There is only one required option, but many optional ones.

--pheno <phenofile> - specifies the response (in PLINK format). Individuals without a phenotype will be excluded. If <phenofile> contains more than one phenotype, specify which should be used with --mpheno.

--grm <grmstem> or --mgrm <grmlist> - provide one or more kinship matrices.

--region-number and --region-prefix - provide one or more regions, in which case you must also specify the datafiles with --bfile/--gen/--sp/--speed <prefix>, use --weights to specify the predictor weightings (or --ignore-weights YES to set them to 1)  and --power to indicate how to scale predictors (we advise using -0.25). By default, LDAK will remove a regional predictor if (effectively) identical to one which remains (correlation squared > 0.98); to change this threshold use --region-prune.

--covar <covarfile> - provide covariates (in PLINK format) as fixed effects in the regression; when calculating heritabilties, the variance explained by these will be discounted.

--top-preds <list_of_predictors> - provide a list of predictors  to include as fixed effects; when calculating heritabilities, the variance explained by these will be added to that explained by the kinship matrices and regions. Usually, these represent a pruned subset of highly-associated predictors with large effects (see the section "Accommodating loci with very large effects" in our recent paper).

--prevalence <float> - if the phenotype is binary, then specify the population prevalence to obtain estimates of variance explained on the liability scale.

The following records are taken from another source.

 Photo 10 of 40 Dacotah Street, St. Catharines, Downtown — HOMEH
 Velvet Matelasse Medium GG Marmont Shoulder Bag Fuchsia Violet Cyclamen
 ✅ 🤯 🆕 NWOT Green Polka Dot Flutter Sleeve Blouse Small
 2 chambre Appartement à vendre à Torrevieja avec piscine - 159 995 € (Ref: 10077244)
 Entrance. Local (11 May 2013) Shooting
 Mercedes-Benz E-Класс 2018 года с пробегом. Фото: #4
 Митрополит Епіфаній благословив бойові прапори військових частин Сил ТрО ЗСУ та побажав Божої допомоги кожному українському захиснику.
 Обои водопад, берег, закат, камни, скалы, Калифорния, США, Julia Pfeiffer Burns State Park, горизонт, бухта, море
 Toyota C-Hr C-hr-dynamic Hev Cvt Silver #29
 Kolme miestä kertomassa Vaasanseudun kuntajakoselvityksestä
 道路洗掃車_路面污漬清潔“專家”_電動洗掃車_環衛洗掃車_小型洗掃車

--constrain <YES/NO/REG> (default REG) - by default, the estimates of variance explained of regions will be constrained to be non-negative, but the estimates for kinship matrices will not. Using --constrain YES will ensure all estimates are constrained, while using --constrain NO will ensure none are constrained.

--memory-save <YES/NO> (default NO) - by default, LDAK will read into memory all kinship matrices at the start. If there are many kinship matrices, this can require large amounts of memory; therefore, consider adding --memory-save YES, and LDAK will instead read kinship matrices on-the-fly each time they are required.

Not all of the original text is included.